Trois voies technologiques sont en cours de structuration.

 

  • La première repose sur les biocarburants issus de la biomasse. Ces carburants permettent une réduction des émissions de CO₂ pouvant aller jusqu’à 80 %, en raison de la captation du carbone pendant la croissance de la biomasse. Leur développement doit toutefois se faire dans le respect des critères de durabilité imposés par la directive RED II, notamment en évitant toute concurrence avec les usages alimentaires ou des effets négatifs sur l’usage des sols. Ces biocarburants sont déjà utilisés pour des vols commerciaux mélangés avec le kérosène à des taux d’incorporation pouvant aller actuellement jusqu’à 50 %. Des travaux complémentaires sont menés pour atteindre à terme un taux de 100%. La feuille de route nationale prévoit actuellement des taux d’incorporation de biocarburants durables de 2% en 2025 et de 70% en 2050. Il s’agit de minima qui devront être dépassés, si l’on souhaite massifier la production et par là même, réduire le coût actuellement encore trop élevé.

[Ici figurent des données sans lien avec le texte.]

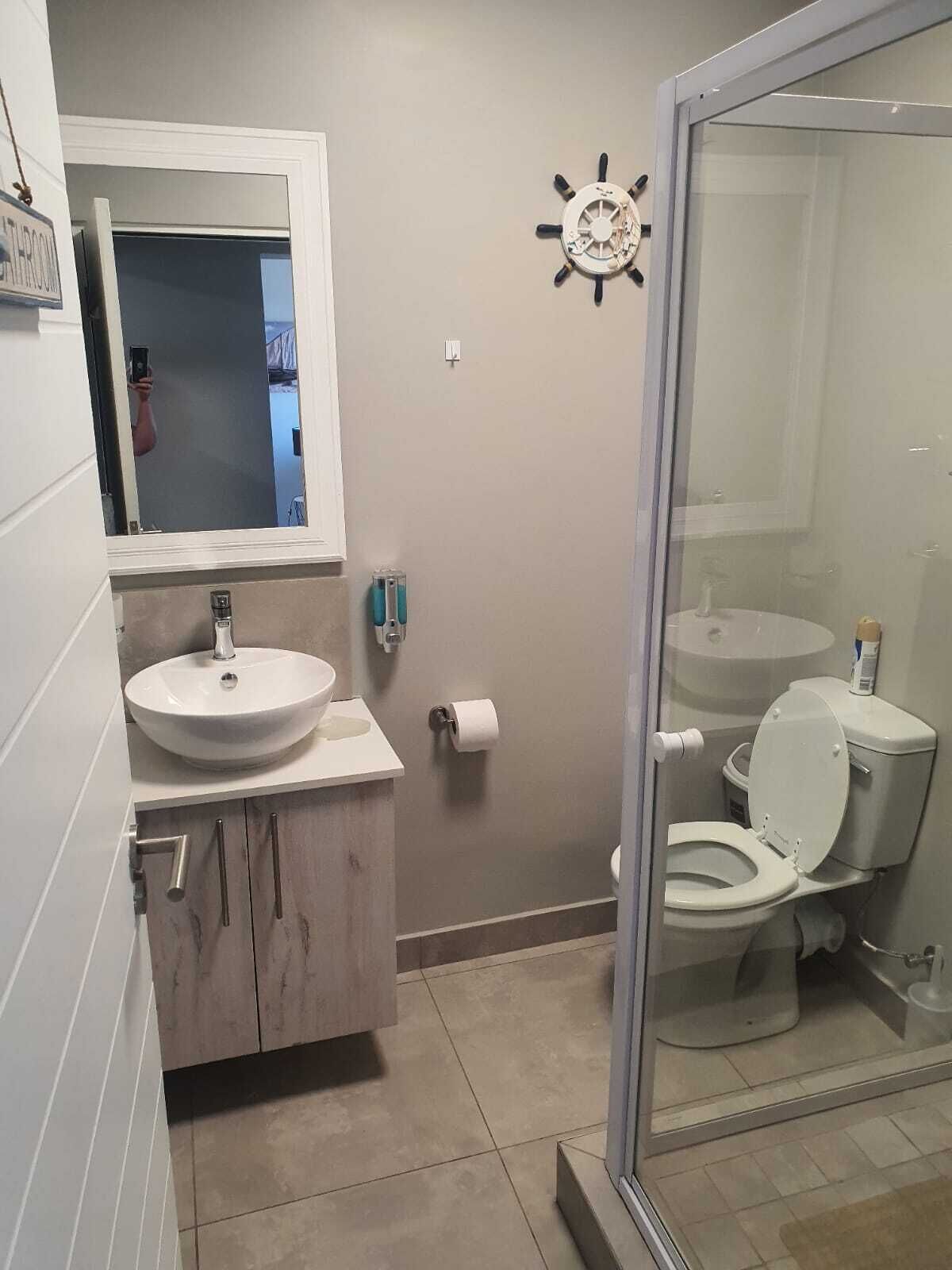 A bathroom with a white sink, a toilet, and a glass shower enclosure.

  • La seconde voie est celle des carburants de synthèse, ou électrocarburants, produits à partir d’hydrogène et de CO₂ capté dans l’atmosphère ou issu d’effluents industriels. Ces procédés Power-to-Liquid présentent un fort potentiel de durabilité et une grande disponibilité, sans faire appel à la biomasse. Néanmoins, des verrous technologiques subsistent, notamment sur l’efficacité énergétique et les coûts de production.

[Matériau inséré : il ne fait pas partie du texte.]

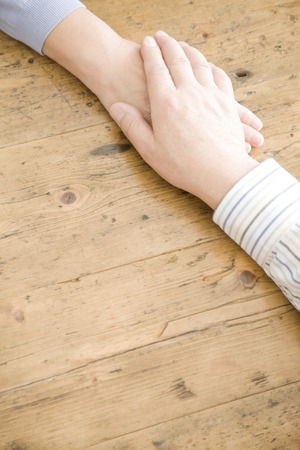 An old couple holding hands at handの写真素材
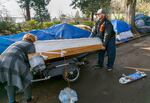 Merideth O'Neill, left, receives help from Tyler Hardy at the Laurelhurst Park encampment, Dec. 7, 2020. Last month, the city of Portland cleared 70-100 makeshift homes of people living near Laurelhurst Park last month. Hardy and O'Neill have returned, along with many others.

  • Enfin, la troisième voie, la plus ambitieuse technologiquement, repose sur l’utilisation d’hydrogène vert. Celui-ci, bien qu’exempt d’émissions de CO₂ lors de la combustion, impose une reconfiguration complète de l’avion et de ses systèmes : réservoirs, distribution, architecture globale. Il s’agit là d’une rupture nécessitant un effort massif de R&D, que la France peut porter en s’appuyant sur le savoir-faire acquis dans le spatial, notamment avec la famille de lanceurs Ariane.

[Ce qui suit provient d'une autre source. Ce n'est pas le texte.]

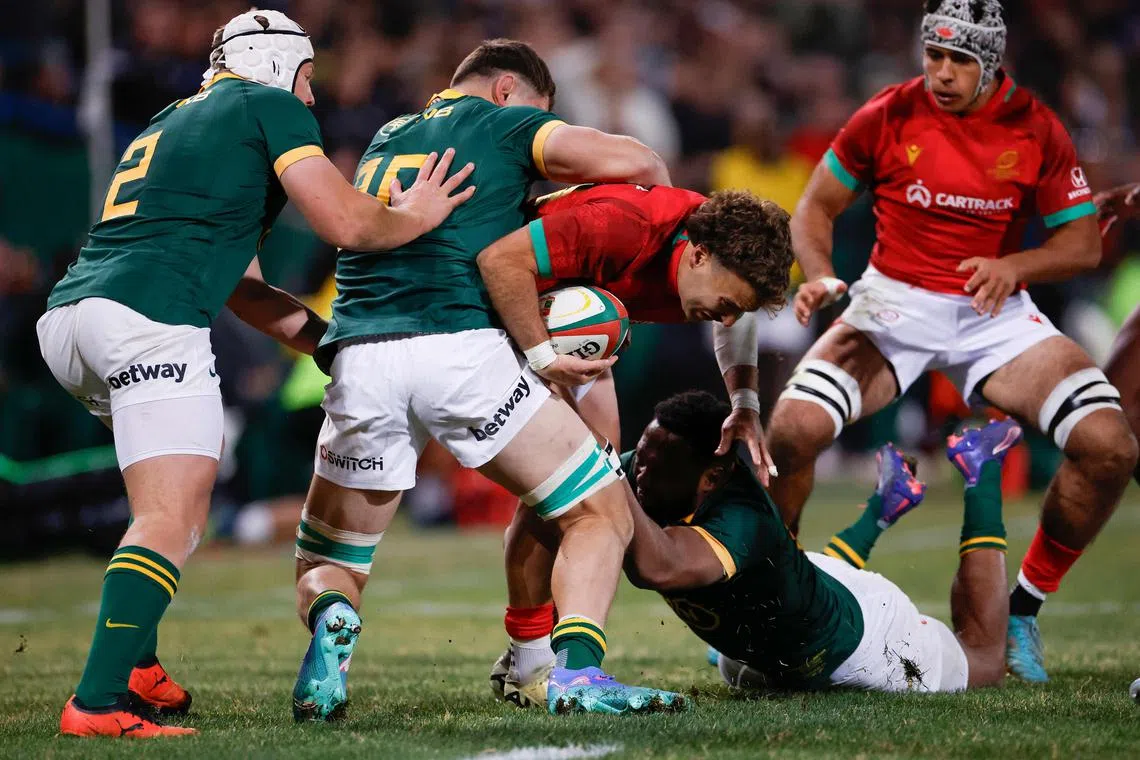 Portugal's full-back Jose Paiva dos Santos is tackled by South Africa's outside centre Lukhanyo Am (right) and loose forward Elrigh Louw in their International rugby union match at the Toyota Stadium in Bloemfontein on July 20, 2024.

Ces avancées techniques sont réelles et soutenues par des financements publics significatifs, comme les 300 millions d’euros annuels dédiés au CORAC. Toutefois, l’enjeu central aujourd’hui ne relève plus uniquement du développement technologique. Ce qui fait défaut, c’est la mise en place d’une véritable filière industrielle de production de CAD, structurée, pérenne et souveraine. Il ne suffit pas d’avoir des avions compatibles avec 100 % de carburants durables si les volumes nécessaires à l’incorporation ne sont pas disponibles. Or, les objectifs européens du règlement ReFuel EU sont ambitieux – 6 % de CAD en 2030, 20 % en 2035 et 70 % en 2050 – et les projets industriels existants, bien qu’encourageants, ne garantissent pas à ce stade l’atteinte de ces seuils.

 

Ce déficit de structuration industrielle constitue un risque majeur pour la compétitivité du secteur et la réussite de la transition énergétique de l’aviation. Il ne s’agit plus seulement de lever des verrous technologiques, mais de mobiliser les investissements, d’organiser les chaînes de valeur et de sécuriser l’ensemble des maillons, des matières premières (biomasse éligible, CO₂, hydrogène) jusqu’à la distribution dans les aéroports.

 

La France ne peut rester à l’écart de cette dynamique. Le développement d’une filière de CAD représente une formidable opportunité industrielle, environnementale et stratégique. Pour cela, il est indispensable de mettre en place des dispositifs de soutien adaptés : mandats d’incorporation, crédits d’impôt pour les compagnies aériennes, subventions aux producteurs, contrats de type « Contract for Difference » pour garantir un prix de rachat, ou encore systèmes de « Book & Claim » pour faciliter la distribution et l’utilisation effective des CAD sur tout le territoire.

 

En somme, la réussite de la décarbonation du transport aérien repose désormais autant sur notre capacité à produire que sur notre capacité à innover. Il est urgent de reconnaître que la transition énergétique de l’aviation ne peut s’appuyer uniquement sur des percées technologiques. Elle exige un véritable projet industriel, une filière structurée et soutenue par une politique publique cohérente et volontariste.